Bob ressaltou que a essência do projeto não é impor conhecimento, mas sim extrair a sabedoria e as experiências dos participantes. A oficina já passou pelo Rio de Janeiro, Belém do Pará e Manaus. “A gente não vem aqui para ensinar, para passar conhecimento, mas a metodologia ofereceu oportunidade para eles compartilharem todas as suas experiências de vida. A gente fala sobre as pedras no caminho, que a gente sabe as dificuldades que todo mundo teve nesse processo de deslocamentos, pelas questões das mudanças climáticas, mas também pelas outras situações.”
A etapa seguinte é a de “caminhos da resistência”, onde são identificadas as lutas e iniciativas dos grupos. Bob manifestou grande satisfação com a participação feminina expressiva no evento em Canoas. “Aqui tem mais de três associações, 90% do público é mulher. Então, é uma coisa que nos deixa muito felizes, sabendo da importância que as mulheres têm, e que este projeto tem um foco nas pessoas afetadas, nas pessoas vítimas, para dar voz, para escutar, para trazer um pouco as experiências dessas pessoas, transformar a dor em proposta.”

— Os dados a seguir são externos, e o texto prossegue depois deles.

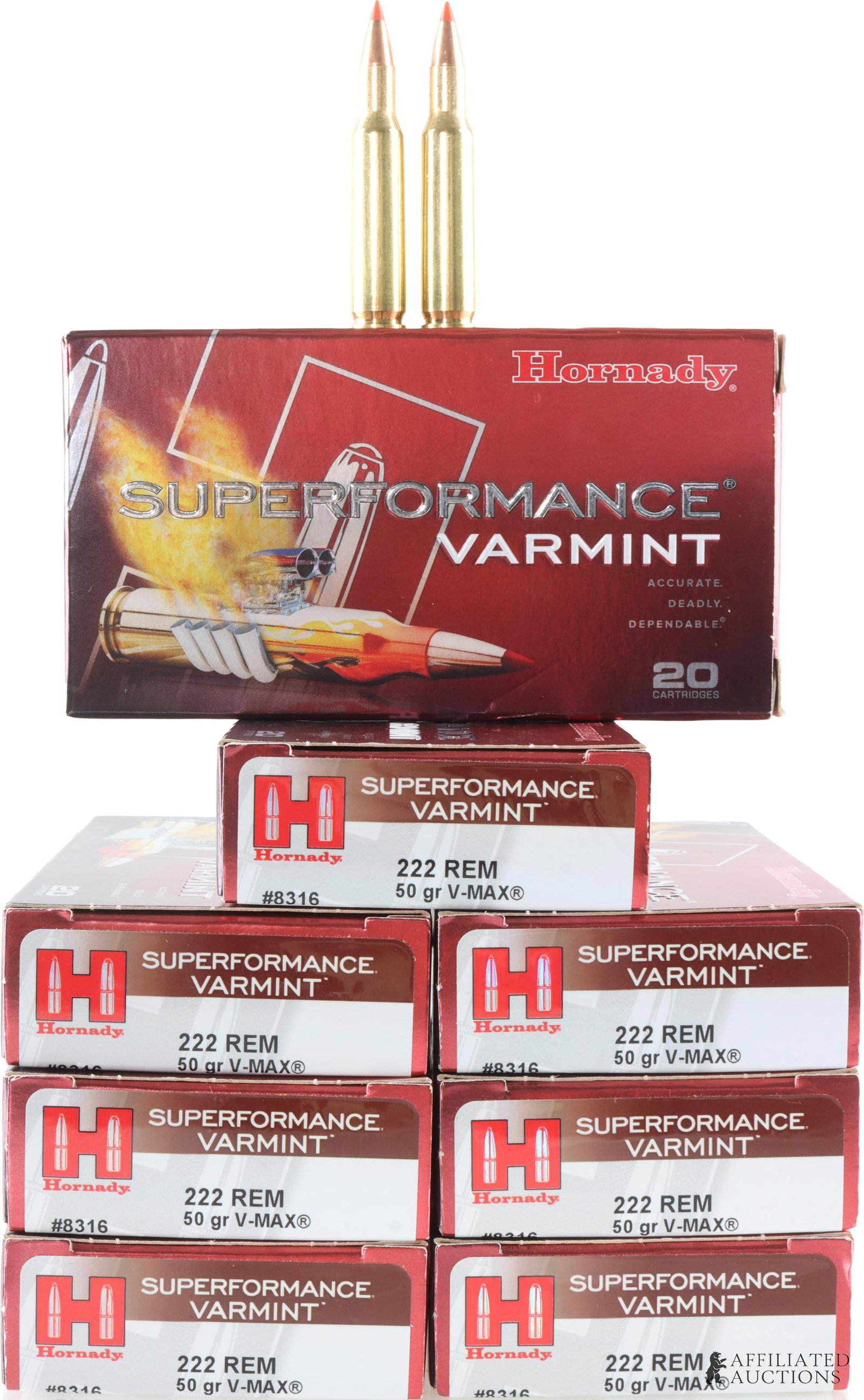 160 Rds .222 Rem 50gr Hornady Varmint Ammo (1 of 3)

O ciclo da metodologia culmina nos “Caminhos das Horizonte”, as propostas que as pessoas afetadas gostariam de apresentar às autoridades. Entre as demandas, destacam-se ações de saúde mental, apoio às famílias e às crianças.

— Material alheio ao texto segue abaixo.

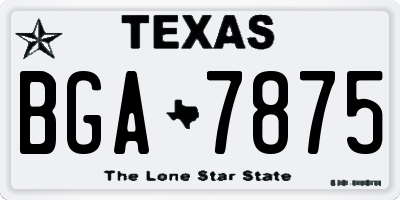 TX license plate BGA7875
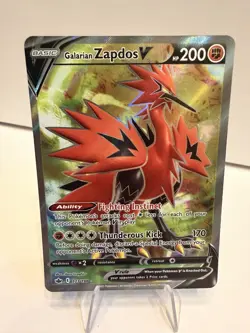 Pokemon Galarian Zapdos V 173/198 Ultra Rare Chilling Reign (NM) - Image 1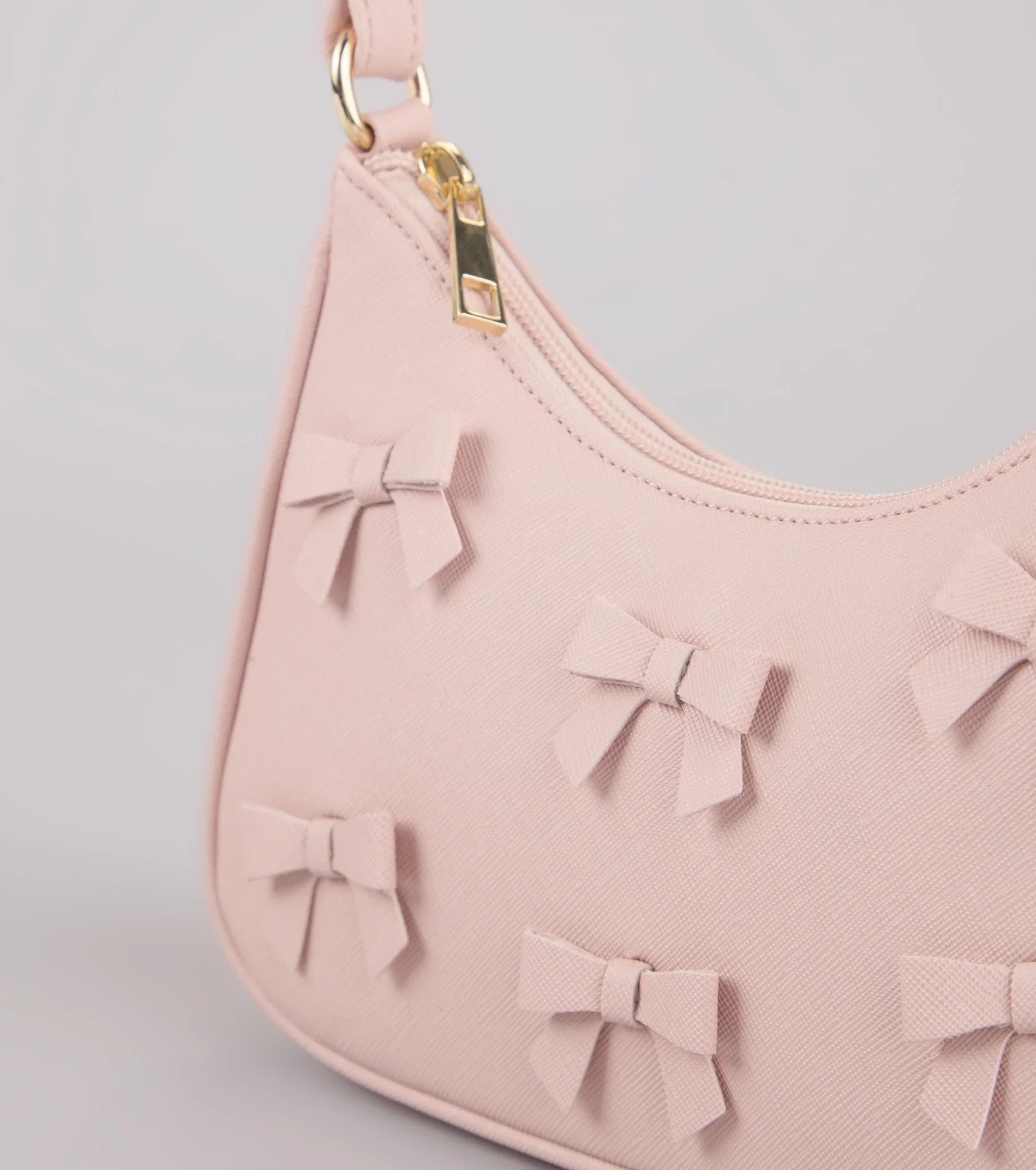 Poised Cuteness Bow Saffiano Shoulder Bag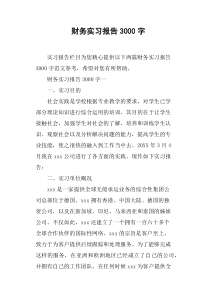 财务实习报告3000字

Foco na saúde mental pós-catástrofe
A importância de um olhar humanitário imediato e a longo prazo foi reforçada por Kanhanga Silva, presidente da Associação Casa dos Imigrantes e Refugiados do RS, que esteve na linha de frente durante a enchente na região.
“Nós, como os imigrantes, somos uma população que, na sua maior parte, vive já em territórios vulneráveis e que são as primeiras vítimas de todas essas mudanças climáticas. O ano passado, a gente teve que se duplicar, exercer um esforço máximo para poder atender a nossa população,” relatou Kanhanga.

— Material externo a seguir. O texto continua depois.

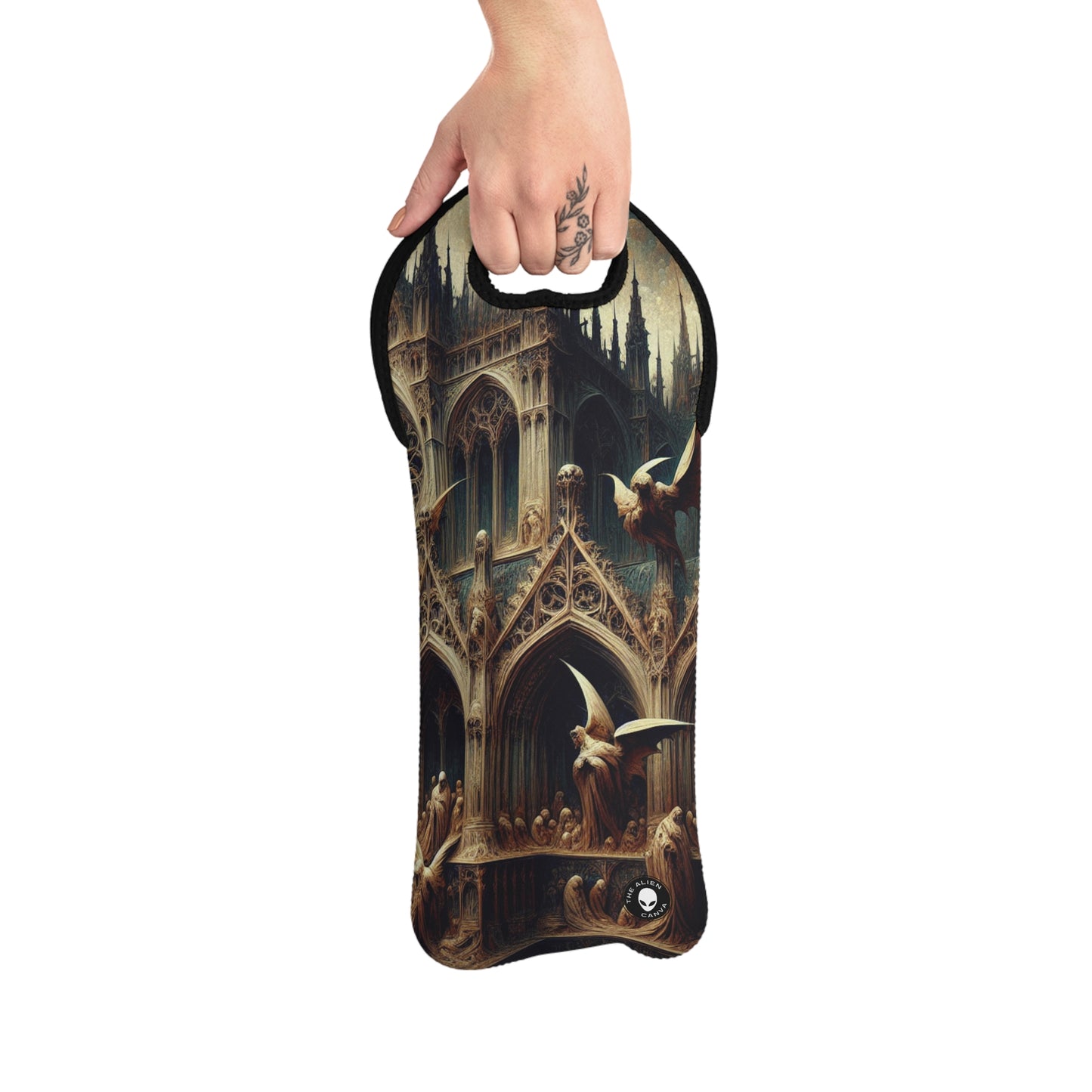 - The Alien Wine Tote Bag Gothic Art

Ele destacou que, após a garantia da vida e do abrigo, o foco se volta para as consequências emocionais e psicológicas das vítimas. “O que a gente traz dentro de uma oficina como essa é justamente a gente poder ter o mecanismo de pensar quais são as soluções a nível de saúde mental que a gente deve trazer como perspectiva para essa população que foi vítima das enchentes. São situações que deixam marcas, deixam traumas e que precisam ser trabalhadas. E se a gente não conseguir esse espaço de poder trabalhar a saúde mental, essas marcas vão se tornar problemas no futuro”, destacou o líder comunitário.
O projeto Nansen, através destas oficinas, consolida o compromisso do IMDH e do ACNUR em dar voz e dignidade às pessoas em situação de deslocamento, transformando as suas vivências em um plano de ação para a justiça climática e humanitária no Brasil.